Reputation: 1126
Using the below code, I am able to fetch "soup" without an issue. My goal is to ultimately fetch the title within the soup object, but I'm having trouble figuring out how to do it. In addition to below, I've also tried various iterations of soup['results'], soup.results, soup.get_text().results .. etc and not sure how to get to it. I can, of course, do soup.get_text() ... (some kind of search function for the string "title," but feel like there has to be a built-in method for this.
55)get_title()
54 ipdb.set_trace()
---> 55 title = soup.html.head.title.string
56 title = re.sub(r'[^\x00-\x7F]+',' ', title)
ipdb> type(soup)
<class 'bs4.BeautifulSoup'>
ipdb> soup.title
ipdb> print soup.title
None
ipdb> soup
{"status":"OK","copyright":"Copyright (c) 2018 The New York Times Company. All Rights Reserved.","section":"home","last_updated":"2018-01-07T06:19:00-05:00","num_results":42,"results":[{"section":"Briefing","subsection":"",**"title":"Trump, Palestinians, Golden Globes: Your Weekend Briefing"**, ....
Code
from __future__ import division
import regex as re
import string
import urllib2
from bs4 import BeautifulSoup
from cookielib import CookieJar
import ipdb
PARSER_TYPE = 'html.parser'
def get_title(url):
cj = CookieJar()
opener = urllib2.build_opener(urllib2.HTTPCookieProcessor(cj))
p = opener.open(url)
soup = BeautifulSoup(p.read(), PARSER_TYPE) # This loads fine
ipdb.set_trace()
title = soup.html.head.title.string # This is sad
title = re.sub(r'[^\x00-\x7F]+',' ', title)
return title
Upvotes: 1
Views: 95
Reputation: 87134
Take a look at what p.read()
returns. You will find that it is not HTML, it is a JSON string. You can't use a HTML parser to successfully parse JSON, however, you can use a JSON parser such as the one provided in the json
package.
import json
p = opener.open(url)
response = json.loads(p.read())
Following this response
will reference a dictionary. You can then use dictionary access methods to extract a particular piece of data:
title = response['results'][0]['title']
Note here that response['results']
is itself a list
so you need to get the first element of that list (at least for the example that you've shown). response['results'][0]
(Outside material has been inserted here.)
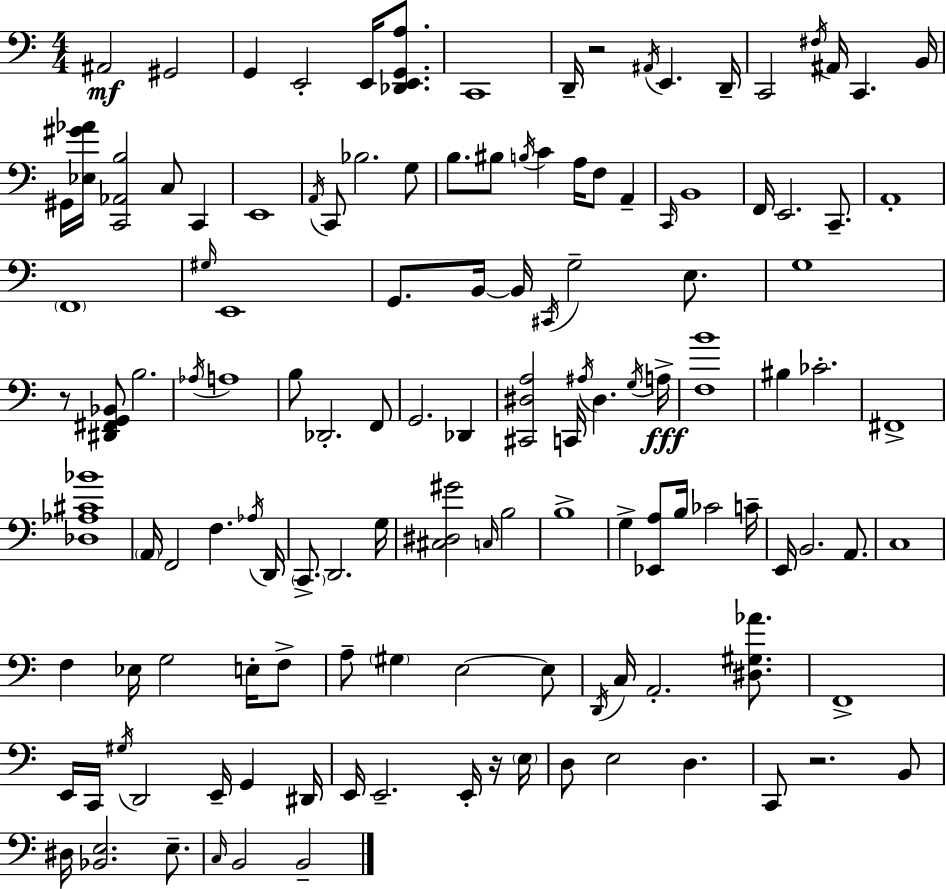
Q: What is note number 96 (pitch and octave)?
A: C2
then gives a second nested dictionary that contains the data that you want. Look that up with the title
key.
Since the results are contained in a list you might need to iterate over that list to process each result:
for result in response['results']:
print(result['title'])
If some results do not have title keys you can use dict.get()
to perform the lookup without raising an exception:
for result in response['results']:
print(result.get('title'))
Upvotes: 2